В его сжатых, страстных статьях того времени, полных восторга перед тем, что делают народы Советского Союза, вы явственно разберете громадную и лихорадочную тоску по родине.
Иногда дни становились ему особо непереносимыми, и он приезжал на родину, совершая по ней длинные путешествия. Так, он объехал ее в 1928 и 1929 годах, в летние месяцы.
К Москве приближается поезд, который везет Горького.
Много людей едет в этих вагонах. Но все пассажиры, встречающие и провожающие их друзья и знакомые на станциях от Негорелого до Москвы смотрят лишь на один вагон, тот, в котором М. Горький. Поезд, длинный, звенящий, сверкающий окнами, дверными ручками, колесами, мчится с небывалой скоростью, словно стремясь показать своему любимому певцу, что вся страна также стремительно мчится вперед.
Мы едем встречать его на Белорусский вокзал, возле которого теперь высится превосходный памятник тому, кто стоял тогда здесь на невысокой деревянной трибуне, приветствуя новую, несказанно дорогую его сердцу страну и новых людей ее. Автомобиль медленно пробирается сквозь яркую, трепетную, но не шаткую толпу.
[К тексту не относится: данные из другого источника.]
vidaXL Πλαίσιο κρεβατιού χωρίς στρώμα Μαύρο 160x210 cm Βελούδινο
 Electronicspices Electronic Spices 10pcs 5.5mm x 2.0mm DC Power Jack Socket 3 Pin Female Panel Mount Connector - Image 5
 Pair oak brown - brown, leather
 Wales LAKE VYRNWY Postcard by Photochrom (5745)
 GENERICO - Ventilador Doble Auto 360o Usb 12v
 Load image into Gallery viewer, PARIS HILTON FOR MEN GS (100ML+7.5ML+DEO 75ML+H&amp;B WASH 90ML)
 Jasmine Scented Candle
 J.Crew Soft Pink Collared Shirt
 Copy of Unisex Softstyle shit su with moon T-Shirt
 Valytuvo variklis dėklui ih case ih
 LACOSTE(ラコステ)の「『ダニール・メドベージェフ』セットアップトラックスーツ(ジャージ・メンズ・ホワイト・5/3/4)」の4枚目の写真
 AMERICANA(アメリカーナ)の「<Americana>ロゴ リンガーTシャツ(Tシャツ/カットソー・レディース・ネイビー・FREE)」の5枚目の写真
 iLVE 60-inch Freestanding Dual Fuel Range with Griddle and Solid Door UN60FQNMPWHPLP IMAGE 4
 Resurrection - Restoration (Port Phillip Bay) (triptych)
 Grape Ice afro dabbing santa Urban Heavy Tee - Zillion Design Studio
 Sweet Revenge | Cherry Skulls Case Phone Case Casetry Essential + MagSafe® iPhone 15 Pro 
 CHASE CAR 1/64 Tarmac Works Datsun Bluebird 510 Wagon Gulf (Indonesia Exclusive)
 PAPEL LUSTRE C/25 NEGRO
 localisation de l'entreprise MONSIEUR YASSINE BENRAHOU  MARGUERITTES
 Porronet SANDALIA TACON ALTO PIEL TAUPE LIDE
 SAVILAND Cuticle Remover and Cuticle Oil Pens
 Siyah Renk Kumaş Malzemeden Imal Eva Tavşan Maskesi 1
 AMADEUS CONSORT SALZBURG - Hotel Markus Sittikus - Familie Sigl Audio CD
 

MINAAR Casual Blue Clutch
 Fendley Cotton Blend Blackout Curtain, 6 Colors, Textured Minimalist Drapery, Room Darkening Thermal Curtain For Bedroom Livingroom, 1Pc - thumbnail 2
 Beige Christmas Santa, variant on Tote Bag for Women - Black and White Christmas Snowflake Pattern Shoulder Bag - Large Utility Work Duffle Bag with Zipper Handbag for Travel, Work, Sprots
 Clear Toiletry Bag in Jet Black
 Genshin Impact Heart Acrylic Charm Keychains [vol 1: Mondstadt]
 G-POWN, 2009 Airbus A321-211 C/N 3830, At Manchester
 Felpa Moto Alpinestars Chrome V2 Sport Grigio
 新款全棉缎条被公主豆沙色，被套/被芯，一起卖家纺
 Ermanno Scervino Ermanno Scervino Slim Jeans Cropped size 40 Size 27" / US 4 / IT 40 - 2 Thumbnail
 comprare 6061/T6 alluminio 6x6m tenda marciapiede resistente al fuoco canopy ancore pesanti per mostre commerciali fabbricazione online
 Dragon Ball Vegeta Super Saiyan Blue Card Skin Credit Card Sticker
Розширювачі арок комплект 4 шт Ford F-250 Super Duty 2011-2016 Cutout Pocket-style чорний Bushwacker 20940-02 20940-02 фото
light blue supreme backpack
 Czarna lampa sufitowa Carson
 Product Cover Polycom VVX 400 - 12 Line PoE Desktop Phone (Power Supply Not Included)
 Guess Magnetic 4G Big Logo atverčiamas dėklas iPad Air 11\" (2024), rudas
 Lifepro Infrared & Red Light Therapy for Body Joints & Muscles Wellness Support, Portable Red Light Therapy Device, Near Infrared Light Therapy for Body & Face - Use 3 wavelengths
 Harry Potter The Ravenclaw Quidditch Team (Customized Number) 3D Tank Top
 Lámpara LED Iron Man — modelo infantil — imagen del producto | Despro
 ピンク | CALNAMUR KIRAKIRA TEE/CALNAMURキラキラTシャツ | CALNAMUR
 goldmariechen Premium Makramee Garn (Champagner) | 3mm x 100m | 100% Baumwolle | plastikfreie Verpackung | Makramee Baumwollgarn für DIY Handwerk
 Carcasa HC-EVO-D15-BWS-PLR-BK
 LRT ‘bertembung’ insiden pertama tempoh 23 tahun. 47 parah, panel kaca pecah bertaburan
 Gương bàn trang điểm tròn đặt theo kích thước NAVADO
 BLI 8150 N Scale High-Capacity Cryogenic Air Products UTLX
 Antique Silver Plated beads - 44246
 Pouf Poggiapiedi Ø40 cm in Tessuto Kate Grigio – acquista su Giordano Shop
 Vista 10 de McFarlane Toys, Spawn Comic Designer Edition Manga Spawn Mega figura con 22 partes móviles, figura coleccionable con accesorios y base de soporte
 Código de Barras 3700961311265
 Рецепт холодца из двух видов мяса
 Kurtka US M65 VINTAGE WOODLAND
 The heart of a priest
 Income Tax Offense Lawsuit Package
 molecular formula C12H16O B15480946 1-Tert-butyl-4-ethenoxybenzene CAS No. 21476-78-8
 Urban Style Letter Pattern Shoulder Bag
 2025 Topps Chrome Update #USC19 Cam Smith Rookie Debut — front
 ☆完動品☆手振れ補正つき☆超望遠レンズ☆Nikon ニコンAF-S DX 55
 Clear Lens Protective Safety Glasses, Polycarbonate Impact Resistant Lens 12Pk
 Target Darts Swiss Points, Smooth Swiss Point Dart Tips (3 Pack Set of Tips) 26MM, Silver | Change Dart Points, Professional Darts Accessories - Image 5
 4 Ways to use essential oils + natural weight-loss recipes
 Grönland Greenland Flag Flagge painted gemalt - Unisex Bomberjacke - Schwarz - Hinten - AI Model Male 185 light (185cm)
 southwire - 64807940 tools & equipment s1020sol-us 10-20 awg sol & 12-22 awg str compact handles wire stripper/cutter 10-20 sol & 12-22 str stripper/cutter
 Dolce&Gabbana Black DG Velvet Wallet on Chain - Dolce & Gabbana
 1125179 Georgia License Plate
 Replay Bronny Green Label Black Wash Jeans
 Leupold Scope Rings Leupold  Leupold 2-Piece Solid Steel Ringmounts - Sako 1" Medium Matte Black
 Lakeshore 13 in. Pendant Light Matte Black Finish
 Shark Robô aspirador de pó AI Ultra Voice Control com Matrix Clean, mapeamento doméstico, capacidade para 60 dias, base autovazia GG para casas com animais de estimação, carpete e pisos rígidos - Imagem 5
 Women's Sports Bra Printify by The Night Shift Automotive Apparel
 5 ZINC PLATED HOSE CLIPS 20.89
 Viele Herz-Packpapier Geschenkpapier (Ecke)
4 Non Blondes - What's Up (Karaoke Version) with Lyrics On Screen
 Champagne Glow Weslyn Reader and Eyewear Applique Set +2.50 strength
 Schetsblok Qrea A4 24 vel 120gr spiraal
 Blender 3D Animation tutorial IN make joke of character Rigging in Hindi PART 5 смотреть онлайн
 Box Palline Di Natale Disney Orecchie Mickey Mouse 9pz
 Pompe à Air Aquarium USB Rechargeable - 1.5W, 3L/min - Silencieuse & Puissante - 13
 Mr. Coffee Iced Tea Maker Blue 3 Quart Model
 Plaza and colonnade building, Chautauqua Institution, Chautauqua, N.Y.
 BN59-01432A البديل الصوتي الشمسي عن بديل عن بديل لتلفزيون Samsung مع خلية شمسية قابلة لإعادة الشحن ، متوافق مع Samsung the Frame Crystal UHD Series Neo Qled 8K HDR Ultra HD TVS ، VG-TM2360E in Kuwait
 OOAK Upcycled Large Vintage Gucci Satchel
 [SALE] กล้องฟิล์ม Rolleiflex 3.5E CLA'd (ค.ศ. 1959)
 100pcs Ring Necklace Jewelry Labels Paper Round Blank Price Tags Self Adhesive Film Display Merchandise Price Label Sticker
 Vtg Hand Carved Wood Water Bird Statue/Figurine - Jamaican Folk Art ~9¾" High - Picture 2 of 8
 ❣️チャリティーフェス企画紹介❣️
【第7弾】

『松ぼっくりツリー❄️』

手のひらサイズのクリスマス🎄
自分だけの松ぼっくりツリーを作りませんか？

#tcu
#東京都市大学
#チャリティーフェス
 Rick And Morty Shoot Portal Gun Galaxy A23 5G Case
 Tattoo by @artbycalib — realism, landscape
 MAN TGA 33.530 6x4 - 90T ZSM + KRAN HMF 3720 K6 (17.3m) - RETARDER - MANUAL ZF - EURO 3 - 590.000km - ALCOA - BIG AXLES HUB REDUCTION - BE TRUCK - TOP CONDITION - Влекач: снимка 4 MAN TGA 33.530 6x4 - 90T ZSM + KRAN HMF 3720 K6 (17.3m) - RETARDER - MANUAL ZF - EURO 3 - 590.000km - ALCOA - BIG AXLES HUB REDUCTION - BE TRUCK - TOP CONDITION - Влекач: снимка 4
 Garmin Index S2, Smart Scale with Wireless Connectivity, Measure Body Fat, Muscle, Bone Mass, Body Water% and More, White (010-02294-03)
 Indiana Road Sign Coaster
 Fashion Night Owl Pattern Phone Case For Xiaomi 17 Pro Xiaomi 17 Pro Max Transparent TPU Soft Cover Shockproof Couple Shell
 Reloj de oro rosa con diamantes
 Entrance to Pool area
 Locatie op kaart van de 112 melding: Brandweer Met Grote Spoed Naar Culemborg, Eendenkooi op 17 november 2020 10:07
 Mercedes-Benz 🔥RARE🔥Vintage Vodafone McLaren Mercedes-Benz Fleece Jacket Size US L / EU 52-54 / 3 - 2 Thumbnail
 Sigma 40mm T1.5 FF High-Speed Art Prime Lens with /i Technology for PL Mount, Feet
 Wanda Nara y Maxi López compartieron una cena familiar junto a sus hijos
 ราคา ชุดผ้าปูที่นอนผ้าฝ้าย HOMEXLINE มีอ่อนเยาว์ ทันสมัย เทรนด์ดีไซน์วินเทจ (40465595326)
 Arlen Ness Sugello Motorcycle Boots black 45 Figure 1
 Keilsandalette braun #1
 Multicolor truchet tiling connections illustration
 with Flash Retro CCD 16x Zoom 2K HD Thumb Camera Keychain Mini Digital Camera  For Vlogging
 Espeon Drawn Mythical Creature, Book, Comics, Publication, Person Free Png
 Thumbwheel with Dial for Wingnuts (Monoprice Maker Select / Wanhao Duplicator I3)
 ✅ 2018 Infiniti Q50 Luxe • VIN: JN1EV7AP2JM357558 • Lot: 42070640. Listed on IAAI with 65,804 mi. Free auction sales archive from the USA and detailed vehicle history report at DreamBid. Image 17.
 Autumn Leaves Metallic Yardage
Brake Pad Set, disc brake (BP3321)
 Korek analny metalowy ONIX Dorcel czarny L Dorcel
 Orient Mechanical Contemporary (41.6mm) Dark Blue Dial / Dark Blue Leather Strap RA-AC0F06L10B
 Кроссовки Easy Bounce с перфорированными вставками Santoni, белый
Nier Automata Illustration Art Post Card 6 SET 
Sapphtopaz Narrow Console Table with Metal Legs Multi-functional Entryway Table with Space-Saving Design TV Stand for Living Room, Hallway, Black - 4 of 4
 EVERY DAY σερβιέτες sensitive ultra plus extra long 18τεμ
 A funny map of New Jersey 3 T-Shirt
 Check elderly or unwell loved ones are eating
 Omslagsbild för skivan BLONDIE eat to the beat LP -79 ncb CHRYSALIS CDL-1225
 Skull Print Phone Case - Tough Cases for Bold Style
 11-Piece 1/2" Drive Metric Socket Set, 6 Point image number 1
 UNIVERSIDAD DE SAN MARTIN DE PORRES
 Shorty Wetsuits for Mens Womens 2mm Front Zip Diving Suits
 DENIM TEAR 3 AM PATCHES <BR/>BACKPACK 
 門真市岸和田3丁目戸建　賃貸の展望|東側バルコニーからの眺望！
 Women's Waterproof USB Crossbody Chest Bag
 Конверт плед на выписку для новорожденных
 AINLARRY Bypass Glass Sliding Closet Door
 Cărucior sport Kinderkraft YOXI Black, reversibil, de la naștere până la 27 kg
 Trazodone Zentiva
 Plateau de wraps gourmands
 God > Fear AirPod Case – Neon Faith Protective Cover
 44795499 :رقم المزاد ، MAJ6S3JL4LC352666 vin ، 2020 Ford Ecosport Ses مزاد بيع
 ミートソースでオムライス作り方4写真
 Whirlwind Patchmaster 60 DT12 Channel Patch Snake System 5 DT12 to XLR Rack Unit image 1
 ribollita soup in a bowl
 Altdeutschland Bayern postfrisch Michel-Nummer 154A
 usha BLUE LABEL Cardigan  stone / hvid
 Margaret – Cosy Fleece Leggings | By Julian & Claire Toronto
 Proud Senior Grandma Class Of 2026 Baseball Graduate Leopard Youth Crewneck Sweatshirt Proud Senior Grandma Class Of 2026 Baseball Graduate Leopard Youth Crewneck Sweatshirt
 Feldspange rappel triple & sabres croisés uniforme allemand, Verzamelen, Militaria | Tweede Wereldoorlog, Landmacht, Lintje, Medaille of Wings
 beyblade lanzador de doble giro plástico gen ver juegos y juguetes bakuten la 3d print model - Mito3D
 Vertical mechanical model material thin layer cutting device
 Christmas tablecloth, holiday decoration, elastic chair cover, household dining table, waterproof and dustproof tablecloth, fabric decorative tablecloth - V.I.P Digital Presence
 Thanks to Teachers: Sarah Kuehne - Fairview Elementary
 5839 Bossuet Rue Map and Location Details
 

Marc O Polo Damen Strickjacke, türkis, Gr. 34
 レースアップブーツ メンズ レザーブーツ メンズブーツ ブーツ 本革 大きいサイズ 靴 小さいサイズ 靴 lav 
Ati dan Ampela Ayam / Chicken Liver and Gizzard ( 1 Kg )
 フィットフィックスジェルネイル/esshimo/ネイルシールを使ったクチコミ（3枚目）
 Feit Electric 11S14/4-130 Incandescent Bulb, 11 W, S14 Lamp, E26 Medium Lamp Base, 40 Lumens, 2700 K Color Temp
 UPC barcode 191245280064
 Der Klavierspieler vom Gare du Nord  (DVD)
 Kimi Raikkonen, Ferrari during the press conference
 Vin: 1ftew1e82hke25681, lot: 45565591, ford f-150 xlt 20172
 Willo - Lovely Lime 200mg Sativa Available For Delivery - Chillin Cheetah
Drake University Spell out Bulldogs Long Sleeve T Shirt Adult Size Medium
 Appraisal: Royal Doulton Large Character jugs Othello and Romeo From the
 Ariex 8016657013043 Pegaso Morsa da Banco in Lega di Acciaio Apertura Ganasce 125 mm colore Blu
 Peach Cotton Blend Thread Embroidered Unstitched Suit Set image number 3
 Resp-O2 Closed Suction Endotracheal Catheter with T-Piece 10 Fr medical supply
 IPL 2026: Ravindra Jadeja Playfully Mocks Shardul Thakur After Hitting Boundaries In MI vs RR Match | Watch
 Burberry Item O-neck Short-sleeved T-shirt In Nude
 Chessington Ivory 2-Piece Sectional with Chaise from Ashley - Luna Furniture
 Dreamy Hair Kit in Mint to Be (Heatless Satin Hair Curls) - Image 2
Ласковая, очарованная, свежая толпа эта по мере приближения к Белорусскому вокзалу становится все плотней, гуще и словно ярче. Тротуары, окна, подъезды и даже крыши зданий — тех, что пониже, — заполнены людьми. То бархатисто-нежно, то буйно сверкают чьи-то глаза, мелькнет возбужденная и радостная улыбка, и тогда верится, что все то лучшее, что подмечал и воспевал в русском народе Горький, теперь умноженное в миллионы раз, дрожит, переливается, поет на этих улицах, на привокзальной площади. И то, что ты сам принадлежишь к этой толпе, давит сердце, и неразборчиво бешеный шепот восторга шумит в ушах, и подламываются ноги.
День серый, каких в Москве много: тучки, не то пыль, не то дождик. Вокзал, каких в Москве тоже много. Но, боже мой, как чист и прибран этот вокзал! Двери распахнуты, и через вокзал протянута алая ковровая дорожка. Вдоль этой дорожки с веничком и ковшичком проходила уборщица, увидала окурок, охнула и даже побледнела от волнения.
В такой день воздуху на перроне быть бы удушливым и тяжким. Нанесено так много цветов и зелени, что пахнет остро и неодолимо садом, полем. Шляпы тогда носили реже, чем сейчас; и словно отдаваясь запаху цветов, фуражки мужчин сдвинуты на затылки, и только недвижно, строго, в шляпах, будто некие кавалергарды искусства, стоит Художественный театр.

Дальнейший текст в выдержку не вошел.